Anhang 5: Exkurs in die schwedische Verwaltungspraxis
Alle nachfolgenden Zitate
      entstammen der Quelle [Grüne Anhörung 1997]: Anhörung der Fraktion Bündnis
      90/Die Grünen am 26.08.1997 im Abgeordnetenhaus von Berlin (siehe
      Literaturverzeichnis im Hauptband).
      PER G AHRTON von den schwedischen Grünen und Abgeordneter im
      Europaparlament berichtete aus der schwedischen Verwaltungspraxis: "Durch
      die öffentliche Einsichtnahme erfolgt ein Ausgleich der Machtverhältnisse.
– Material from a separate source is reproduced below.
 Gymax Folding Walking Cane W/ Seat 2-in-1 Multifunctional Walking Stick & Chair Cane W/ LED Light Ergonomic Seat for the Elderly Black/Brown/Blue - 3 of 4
      Das Risiko einer willkürlichen Entscheidung oder eines fehlerhaften
      Beschlusses nimmt ab. Wenn unsere Behörden unter Einblick der
      Öffentlichkeit arbeiten, sehen sie sich auch einem größeren Druck
      ausgesetzt, effizient zu arbeiten." [Grüne Anhörung 1997, S. 5]. "[...] es
      ist unser Eindruck, daß die Behörden und Beamten sich gut darauf
      eingerichtet haben, so überwacht zu werden. Ich muss natürlich auch sagen,
      daß diese Möglichkeit nicht sehr von der Allgemeinheit genutzt wird."
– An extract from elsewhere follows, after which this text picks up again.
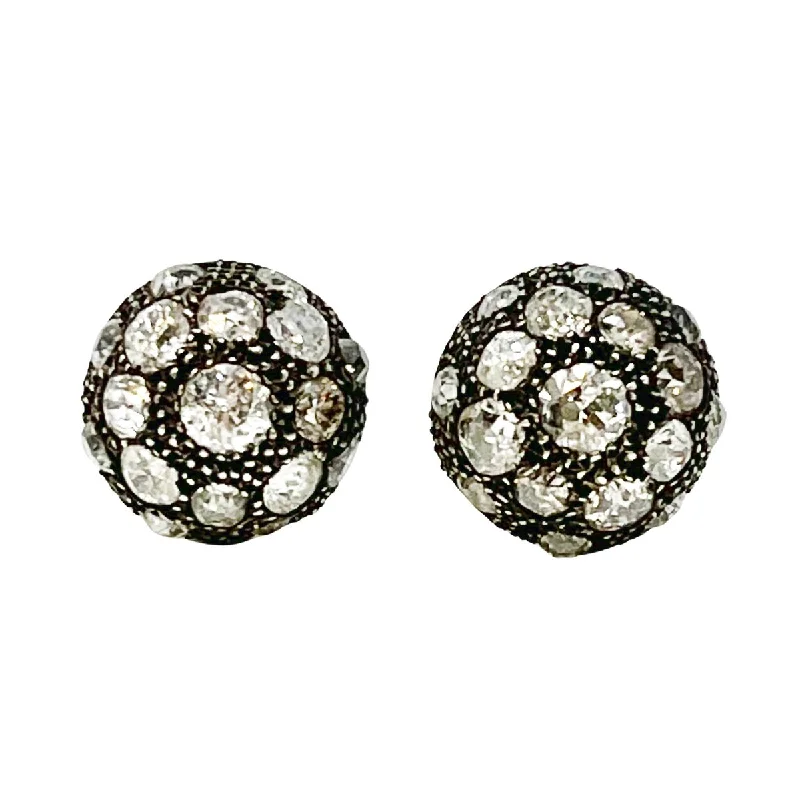 ladies earrings timeless-Victorian 14K White and Rose Gold Dome Earrings with Diamonds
      [Grüne Anhörung 1997, S. 9] "Es gibt keine Schlangen von Leuten vor den
      Büros, um Akteneinsicht zu fordern. [...] 99%
        der Leute, die dieses Recht benutzen, sind Journalisten." [Grüne
      Anhörung 1997, S. 28] "In Schweden können Journalisten jeden Morgen zu
      allen öffentlichen Ämtern gehen und alle ankommenden Briefe und Dokumente
      lesen. [...] Privatbriefe, natürlich, darf man nicht lesen." [Grüne
      Anhörung 1997, S. 8] In Schweden werde ein Verzeichnis aller Akten und
      Unterlagen geführt, mit Ausnahme von Privatpost, Diarium oder Tagebuch
      genannt. Im Verzeichnis müssen auch die von den Geheimhaltungsvorschriften
      betroffenen Unterlagen aufgeführt werden. Es sei zwar zulässig, den Inhalt
      einer Akte, nicht jedoch deren Existenz geheim zu halten [Grüne Anhörung
      1997, S. 6, S. 8]. Verstöße gegen die gesetzlichen Regelungen könnten
      einem Ombudsmann des Reichstages gemeldet werden. Ein
        Antrag müsse umgehend bearbeitet werden, in der Regel solle eine
        Antragsteller nach spätestens 24 Stunden einen Bescheid erhalten.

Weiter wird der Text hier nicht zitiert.